If a hurricane is in the forecast, move or anchor every piece of patio furniture you own before sustained winds hit 74 mph (64 knots). At that threshold, a standard resin chair, a patio umbrella, or even a sofa cushion becomes a windborne missile that can shatter windows, damage your home, and injure neighbors. The safest option is always to move everything indoors. If you want a practical way to keep items from becoming windborne, review how to secure patio furniture from wind so you know what to strap, where to anchor, and what to bring inside. When that's not possible, strap heavy pieces to structural anchor points using ratchet straps rated for at least 500 lbs, drive auger ground anchors into the soil for freestanding items, and get absolutely everything lightweight inside a garage or shed. Do it at least 24 to 48 hours before the storm arrives, not the night before.
How to Secure Patio Furniture During a Hurricane
Your hurricane furniture protection plan: when to act and what to do first

The window to act is smaller than most people think. By the time a hurricane watch is issued for your area (typically 48 hours before arrival), you should already be moving furniture. When a hurricane warning goes up (36 hours out), your outdoor patio should be completely clear. Waiting until the day before means you're competing with rising winds, rain, and a whole list of other emergency prep tasks.
Triage works like this: move the lightest and most aerodynamic items first, because they'll travel farthest and cause the most damage. Umbrellas, lightweight folding chairs, throw pillows, and small planters are your top priority. Then work up to heavier items like chaise lounges, dining sets, and grills. If you have limited indoor storage, the lightest stuff always gets the room.
- 48 hours out: Check your indoor and garage storage space. Make a mental map of what goes where so you're not guessing in a panic.
- 36–48 hours out: Move all small, lightweight, and aerodynamic items indoors. Umbrellas, folding chairs, cushions, small tables, planters, and decorative accessories go first.
- 24–36 hours out: Move or anchor mid-weight furniture. Strap down anything too heavy or awkward to bring inside.
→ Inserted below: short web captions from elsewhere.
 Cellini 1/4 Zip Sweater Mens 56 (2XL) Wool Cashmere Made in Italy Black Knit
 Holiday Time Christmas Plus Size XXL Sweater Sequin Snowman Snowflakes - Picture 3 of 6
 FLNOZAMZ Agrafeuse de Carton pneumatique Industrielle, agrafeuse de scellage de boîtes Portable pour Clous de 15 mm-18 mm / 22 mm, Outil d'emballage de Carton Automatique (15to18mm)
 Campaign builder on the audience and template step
- 12–24 hours out: Final sweep. Remove anything left outdoors and take a photo of your secured items for insurance documentation.
- Do not anchor and walk away thinking it's done. Re-check all straps and anchors the morning of the storm if you still have safe access.
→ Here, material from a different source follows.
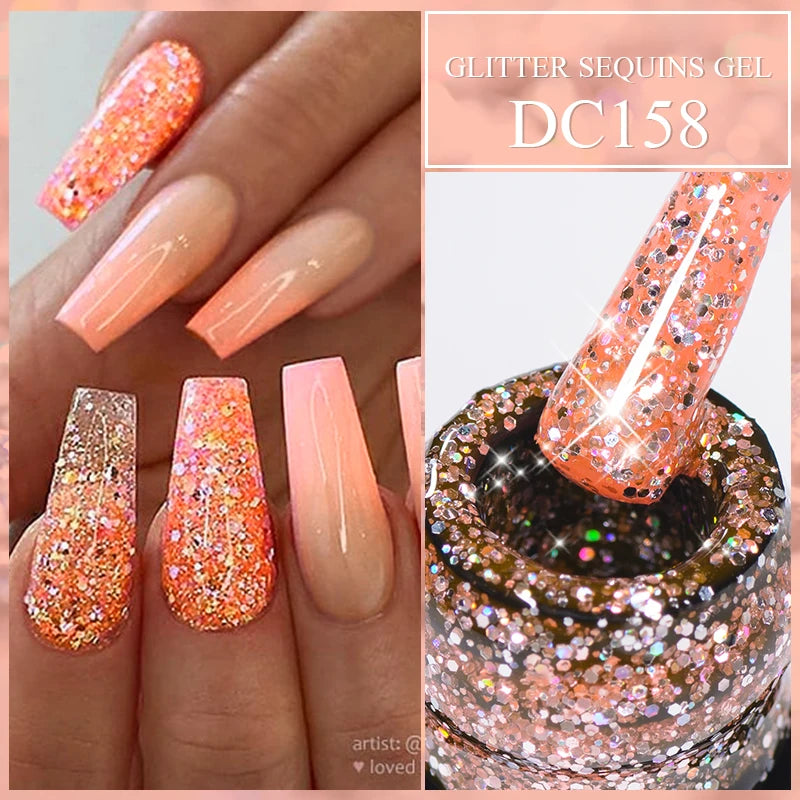 Mtssii Glitter Sequins Gel Nail Polish – Sparkling Soak-Off UV/LED Gel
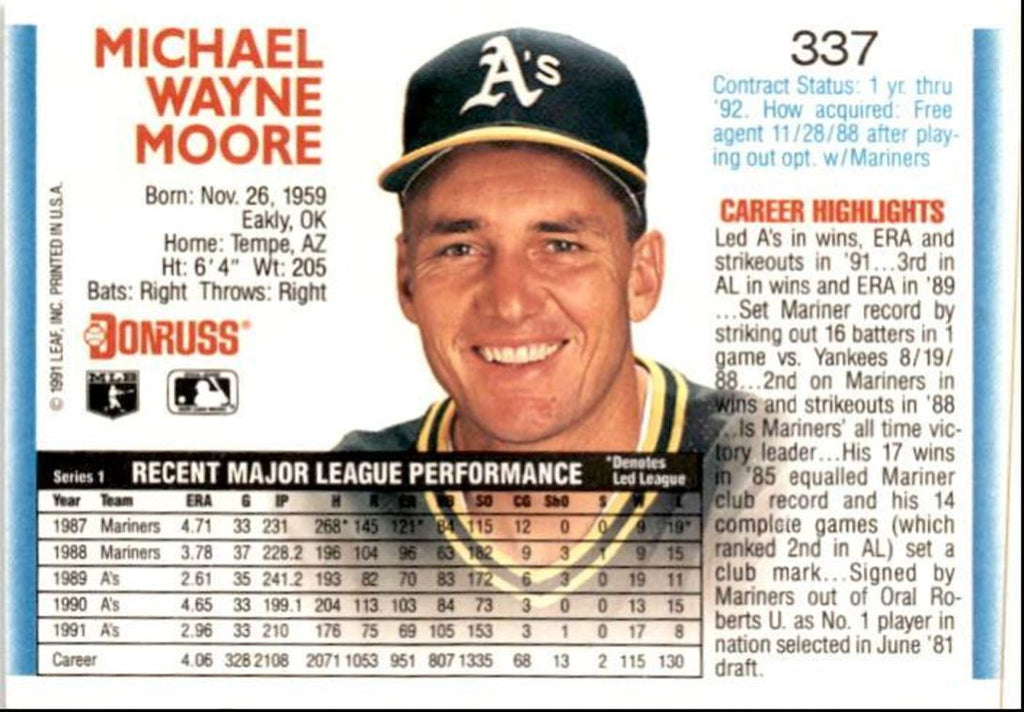 1992 Donruss Mike Moore Oakland Athletics #337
FEMA is clear on this: outdoor objects that are not secured become windborne debris. That includes lawn furniture, potted plants, trash cans, tools, and anything else sitting on your patio. If you want a complete, step-by-step checklist for the entire setup, see our guide on how to secure patio furniture. For day-to-day risk, you can also learn how to secure patio furniture from theft by locking or anchoring it when you leave it outside. This isn't just about protecting your stuff. An unsecured table flying through a neighbor's window is a safety and liability issue.
Secure it or move it: a decision guide for each furniture type
Not everything on your patio should be treated the same way. The right call depends on weight, material, and whether you have somewhere to put it. Here's a practical breakdown.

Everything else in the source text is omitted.